In its recent opinion in Raymond James & Associates Inc. v. Jalbert (In re German Pellets Louisiana LLC), 23-30040, 2024 WL 339101 (5th Cir. Jan. 30, 2024), the Fifth Circuit held that a confirmed bankruptcy plan enjoined a party from asserting certain indemnification counterclaims against a plan trustee because the party did not file a proof of claim.
Background
Louisiana Pellets (LAP) sold bonds to raise money to build a multimillion-dollar facility to refine raw wood into specialized fuel pellets. Investment bank Raymond James & Associates, Inc. (RJA) purchased some of these bonds and resold them to investors by using bond-offering memoranda with statements provided by LAP. As part of the offering, LAP agreed to indemnify RJA for any untrue or misleading statements within those offering memoranda.
Soon after the wood-processing facility was completed, LAP encountered financial problems and filed a Chapter 11 bankruptcy case.
LAP did not schedule RJA as a creditor and thus RJA did not receive formal notice of the bankruptcy. However, RJA was aware of and monitored the bankruptcy case.
The bankruptcy case culminated in a confirmed Chapter 11 Plan of Reorganization, which appointed a trustee to liquidate LAP’s assets, including by filing any lawsuits by or on behalf of LAP.
The bondholders suffered significant losses as a result of the bankruptcy. The bondholders could, however, still seek to recover their losses from RJA on a theory that the offering memoranda contained false or misleading statements.
Instead of suing RJA directly, however, the bondholders assigned their claims against RJA to the liquidating trust. The liquidating trustee then sued RJA, alleging violations of securities laws. RJA responded by filing a counterclaim against the liquidating trustee asserting recoupment and setoff based on LPA’s contractual indemnification obligation to RJA.
In response, the liquidation trustee filed an action in bankruptcy court asking for a declaratory judgment that (1) the confirmed plan specifically enjoined RJA’s assertion of setoff and recoupment; and (2) in any event, the liquidating trustee only assumed LAP’s assets, but not its liabilities/obligations. The bankruptcy and district courts both sided with the liquidating trustee, and RJA appealed to the Fifth Circuit.
Confirmed Plan Was Binding on RJA Because It Had Actual Knowledge of the Bankruptcy Proceeding
The first question the Fifth Circuit considered was whether RJA was bound by the terms of the confirmed plan, even though RJA was not scheduled as a creditor and was never provided formal notice of the bankruptcy case. The court held that it did.
The court first acknowledged that creditors who are not listed on the debtor’s schedule of creditors are generally not bound by a confirmed plan. However, the court cited an important caveat: “If an interested party has notice or actual knowledge of the bankruptcy, that party must “come forward and protect their enhanced rights or else lose their rights through the sweeping discharge of Chapter 11” (see Raymond James & Associates Inc. v.

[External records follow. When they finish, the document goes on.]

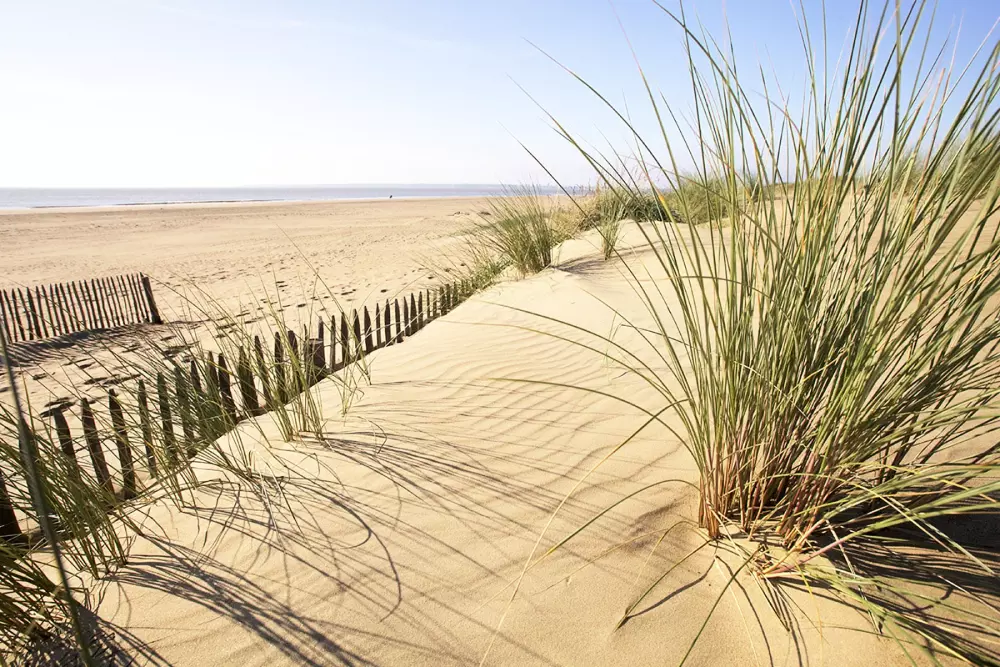 Campsite Ushuaia Wioska Estuary 3 Gwiazdy★★★ 3 Gwiazdy★★★ 3 Gwiazdy★★★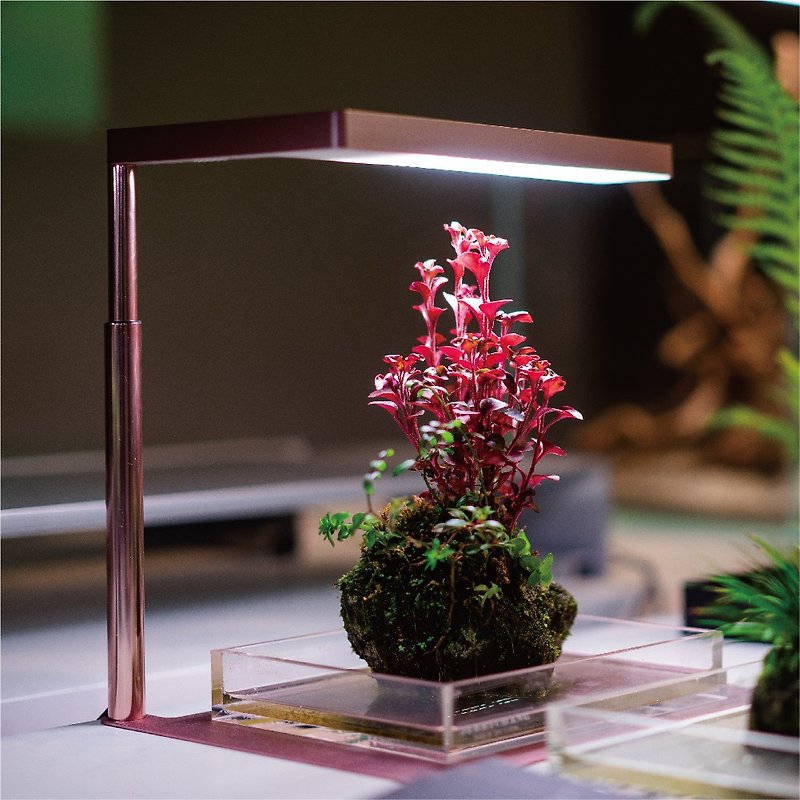 Flat Nano Full Spectrum LED Grow Light Rose Gold Indoor Plants - โคมไฟ - วัสดุอื่นๆ สึชมพู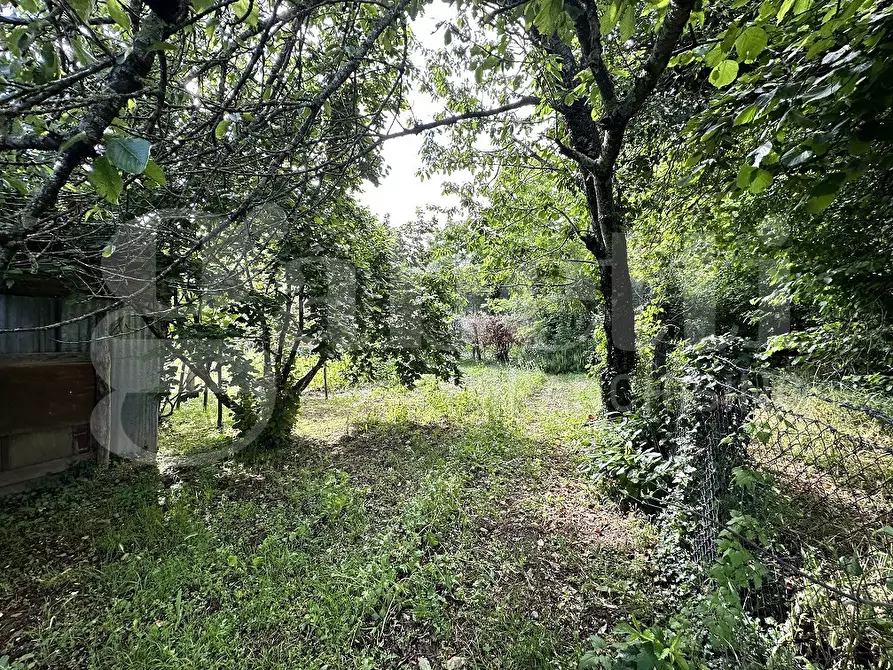 Immagine 5 di Terreno agricolo in vendita  in Via DELLA FIORA, 00 a Manziana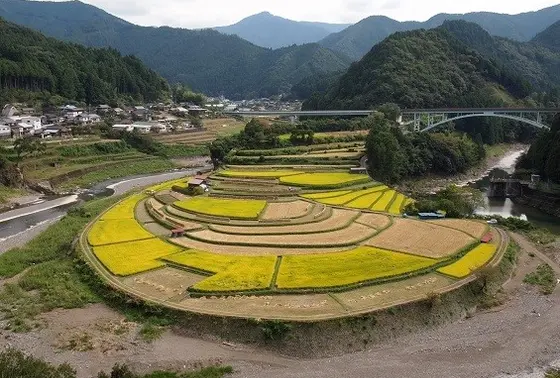 四季折々の風景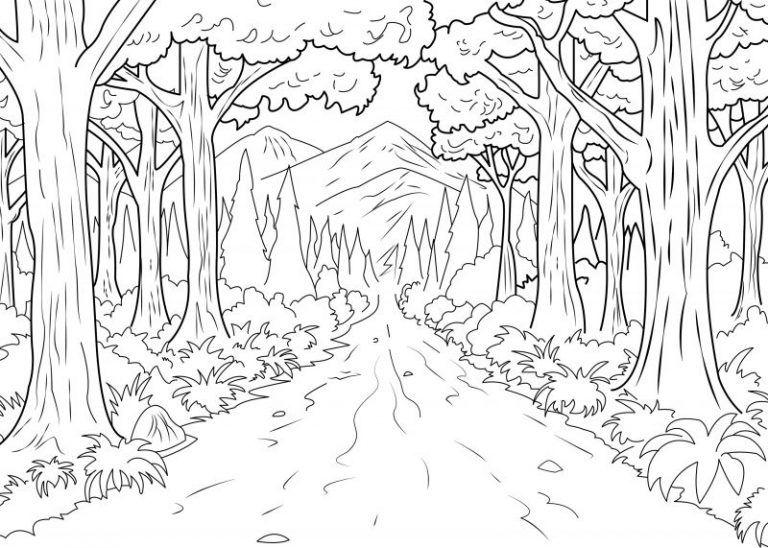 Detail Gambar Mewarna Colouring Picture Forest Nomer 22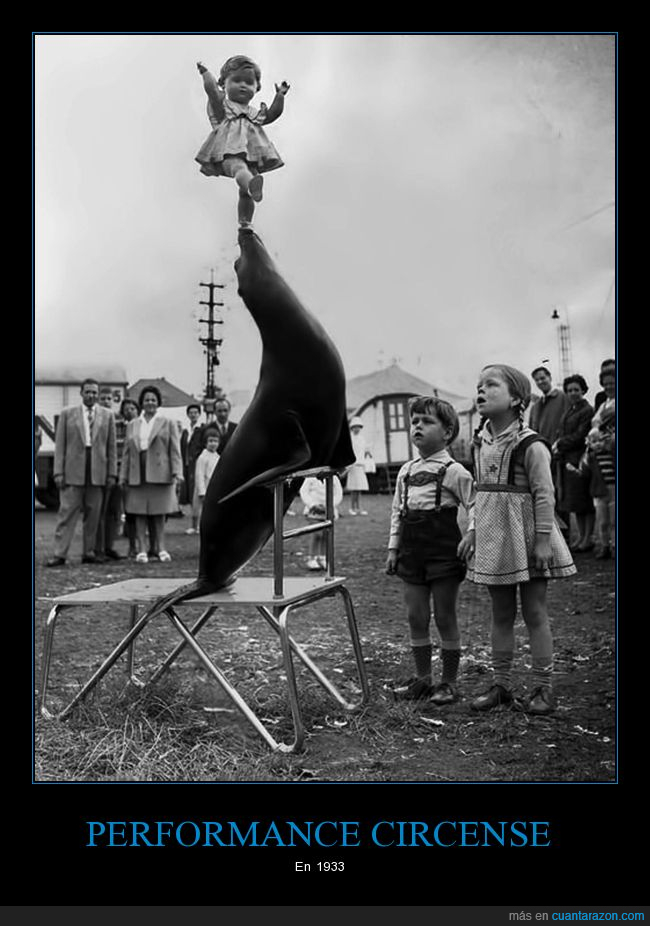 circo,foca,1933,retro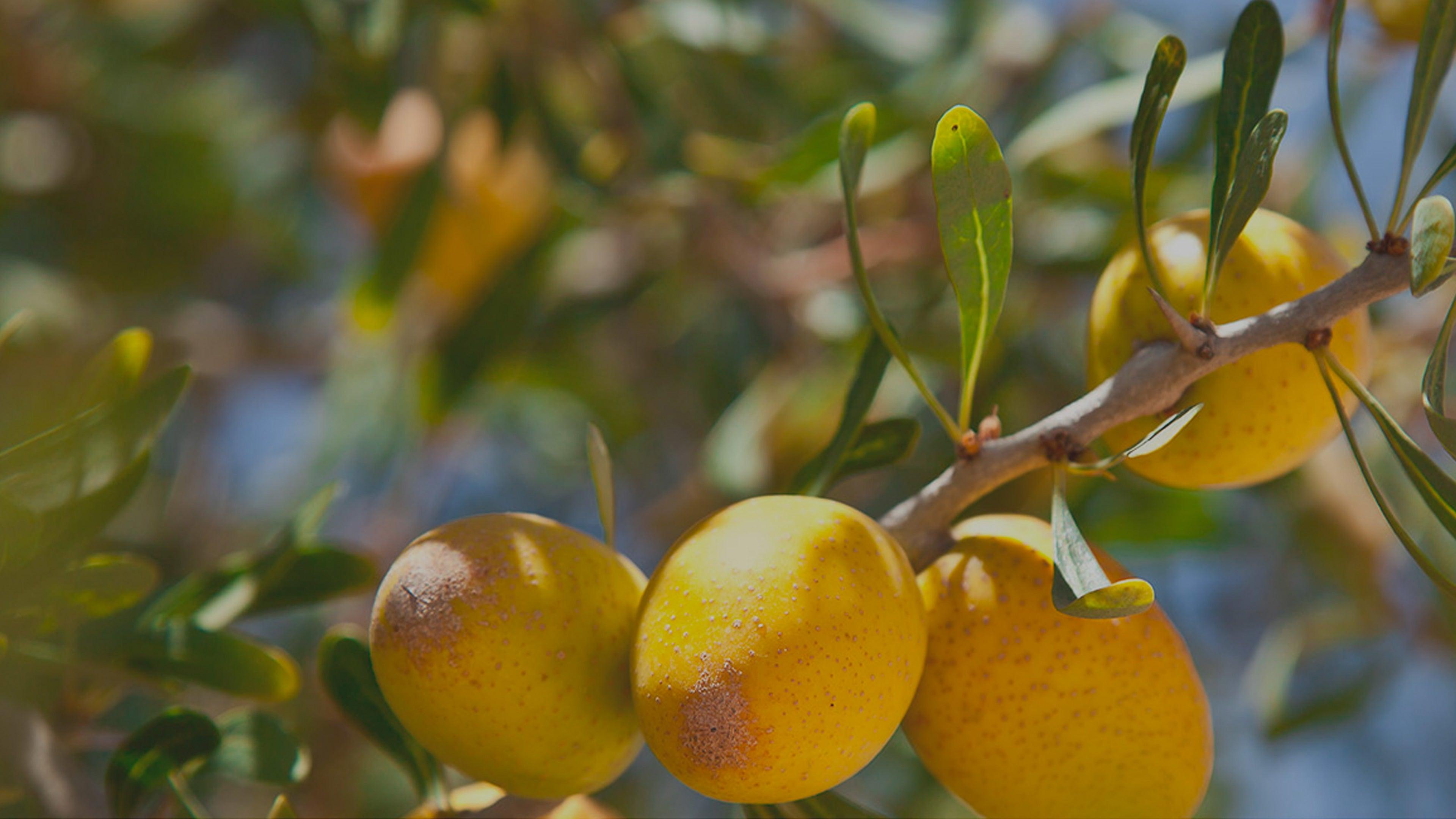 Olio di Argan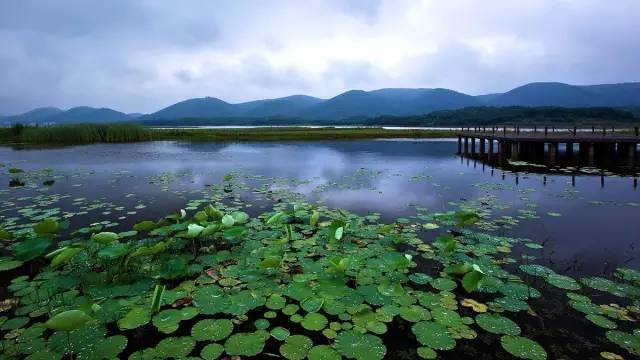 佳县经济gdp多少_佳县白云山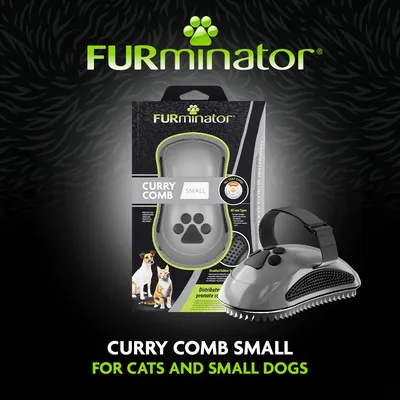 FURminator Curry Comb Small, velegnet til katte og små hunde. Afbildet: Produktpakning og kam med gummibørster og justerbar rem. FURminator Curry Comb Small, velegnet til katte og små hunde. Afbildet: Produktpakning og kam med gummibørster og justerbar rem.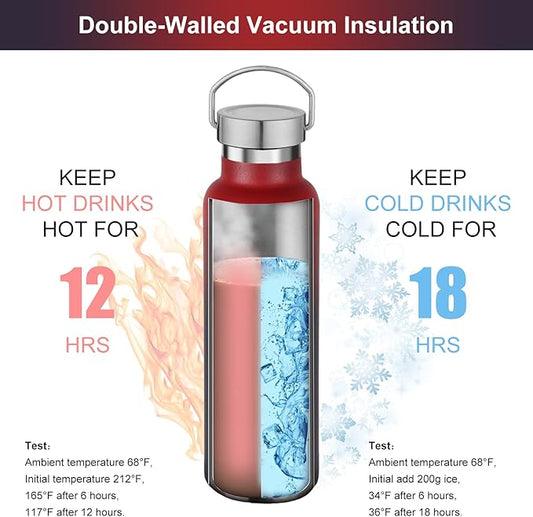 Neihepal 20 oz Insulated Water Bottles Bulk 4 Pack,Stainless Steel Double Wall Sport Bottle with Lid of Handle,Metal Reusable Thermoses Flask for School,Cyclists,Hikers,Gift (Assorted,Set of 4)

Jalbert (In re German Pellets Louisiana LLC), 23-30040, 2024 WL 339101, AT *4 (5th Cir. Jan. 30, 2024) (quotations, citations, and alterations omitted)).
Here, since RJA had actual knowledge of LAP’s bankruptcy case, it had to protect its interests in the case and was bound by the confirmed plan.
Most importantly, the confirmed plan had an injunction provision that permanently enjoined “all persons who have held, currently hold or may hold a debt” from “asserting any setoff, right of subrogation, surcharge, or recoupment of any kind against any obligation due the Debtors, the Reorganized Debtors, the Purchaser, their successors, heirs, executors, administrators, or assigns or their respective properties.” Based on this injunction, RJA could not use its indemnification claims as a setoff or recoupment against the claims asserted by the liquidating trustee.
Notably, the Fifth Circuit doubled down on its holding and reasoned that even if RJA’s setoff or recoupment claims survived, the liquidating trust would not be the proper party against which to seek indemnity. This followed a well-established rule that when bankruptcy plans create liquidating trusts, only the debtor’s assets are transferred to the trust, and the trust is a separate entity from the debtor and its bankruptcy estate.
Conclusion
Creditors need to be vigilant to protect their claims and defenses in bankruptcy, even if those claims are contingent upon some future event. In re German Pellets Louisiana LLC is a reminder of this simple truth: Parties with potential interests at stake in a bankruptcy case should not just sit on the sidelines.